World’s First Printed Car Takes To The Road
They are claiming a world’s first in Chicago after an outfit called Local Motors successfully printed and assembled and then drove what is billed as the first ever working car made by a 3D printer. The vehicle was printed live on the floor of the recent International Manufacturing and Technology Show and although the first 3D printed car body can be claimed by Kor Ecologies Urbee, Local Motors utilises a design that incorporates things like doors and seats into the design, resulting in the Strati car that has a mere 40 printed parts.
The printer that created the car is not like the little one we have sitting in the corner of the office; the 3D printer that created the Strati has a specialist filament that is a combination of plastic and carbon fibre, and the vehicle is built up layer by layer. In fact the printer, which was created by Oak Ridge National Laboratory and Cincinnati Inc., is called a BAAM or Big Area Additive Manufacturing machine that can print about 20 kilos of materials per hour at present.
The whole car took just 44 hours to print and once the printing was finished, engineers moved in and fitted the things that at present are not printable – like the wheels, suspension, brakes, engine and wind screen – to complete the construction; after which, it was just a matter of taking the vehicle out for a test drive at a rather snail-like 4mph.
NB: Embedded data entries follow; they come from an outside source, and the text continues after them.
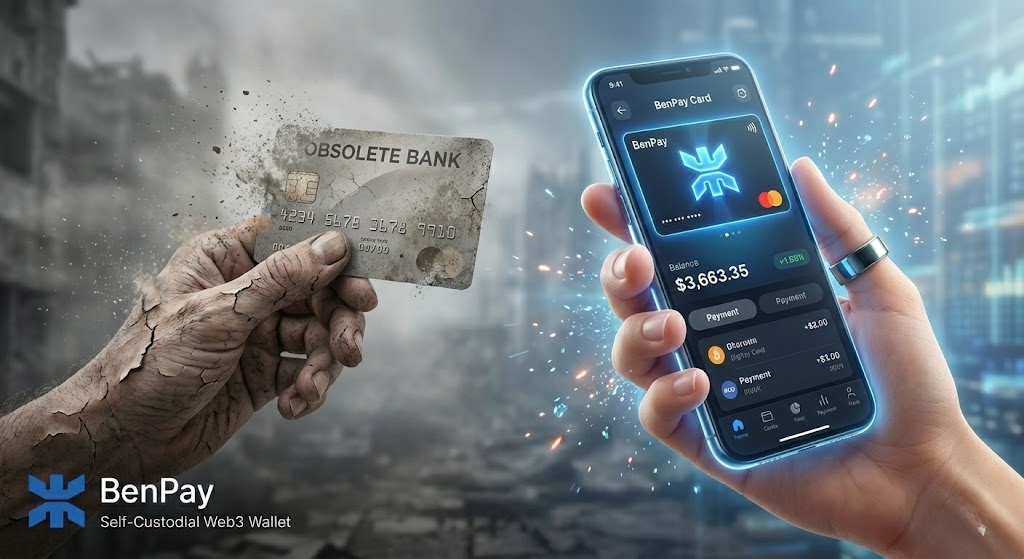 Web3 payment card that connects to Apple Pay or Google Pay - illustration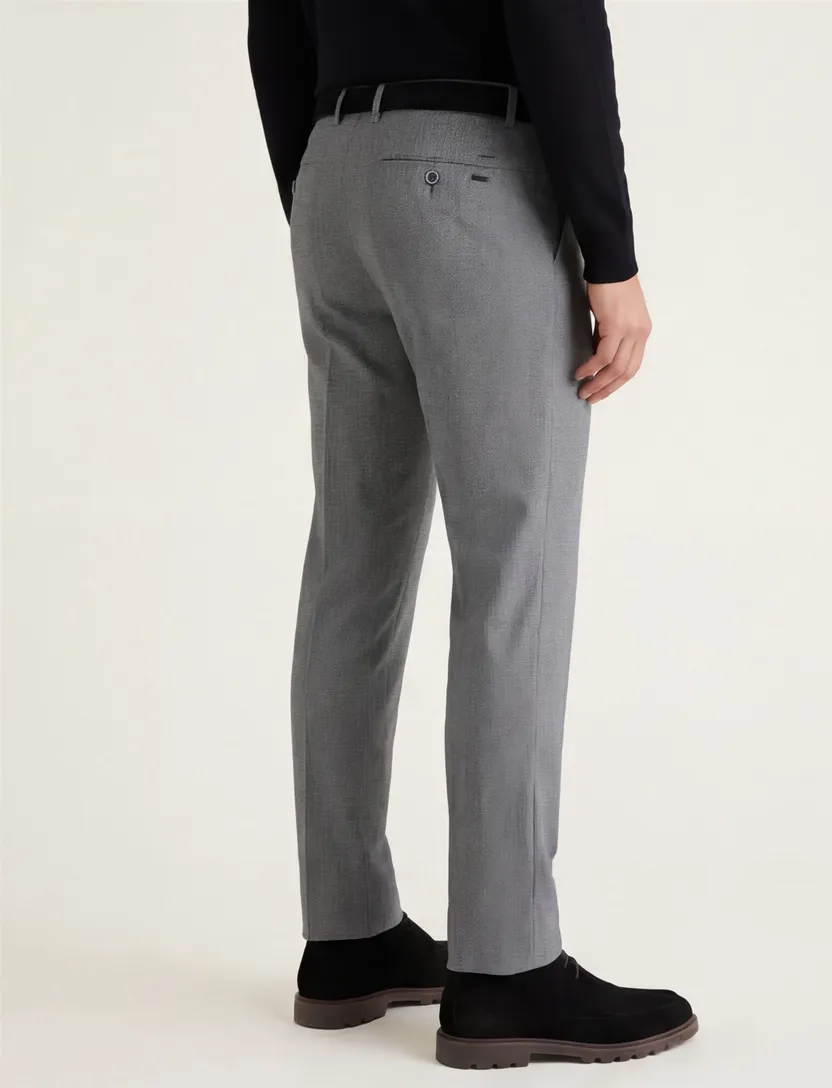 katoenen M.E.N.S. Madison broek blauw geruit chino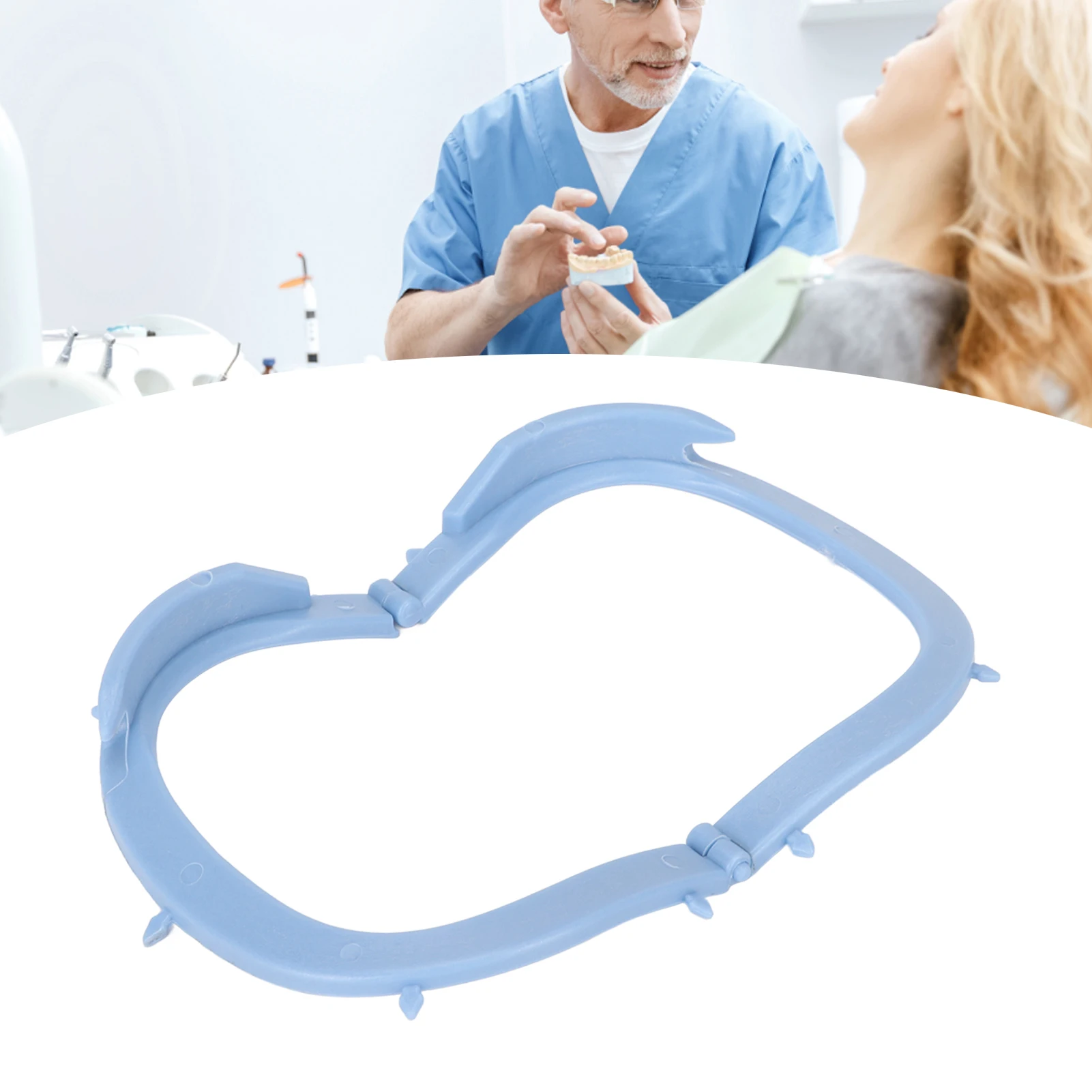 Kofferdam-Halter, Kofferdam-Blätter, Rahmen, zusammenklappbar, wiederverwendbar, Mundpflege-Werkzeug, Zubehör, Dental-Dam-Halter, Blau Image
We’re not sure if they are getting carried away in the euphoria of the moment but it would seem so when Jay Rogers of Local Motors told a local TV station that he believes the Strati could begin actual manufacturing by 2015 with a potential price tag between US$18,000 and 30,000.
The model tested was installed with an electric powertrain that can achieve a very modest 60kph only, but the choice of engine would be up to the buyer to specify what they wanted. The Strati is not likely to be seen on any highways anytime soon either, simply as it was not designed for highways and, thus, in the US of A this means that the vehicle can be licensed without undergoing any of the standard safety tests. If the ambitions of Local Motors seem a little far-fetched, then perhaps you should know that General Electric has already announced a partnership with them to build and commercialise the next generation of GE products using the open source platform developed by Local Motors. The ability to make complex shapes using fewer parts and less material without sacrificing strength is one of the main benefits of 3D printing, said Anthony Vicari, a research associate at Lux Research and author of a recent 3D printing market report. Lighter-weight designs also have direct energy-saving benefits for the aerospace and automotive industries in terms of reduced fuel burn.
One of the aims of the project is to be able to build a car faster than the manufacturing titans can in, say, Detroit. At present though, the 44 hours it took to make the Strati is a lot longer than the average of ten hours it takes Detroit to churn out a car.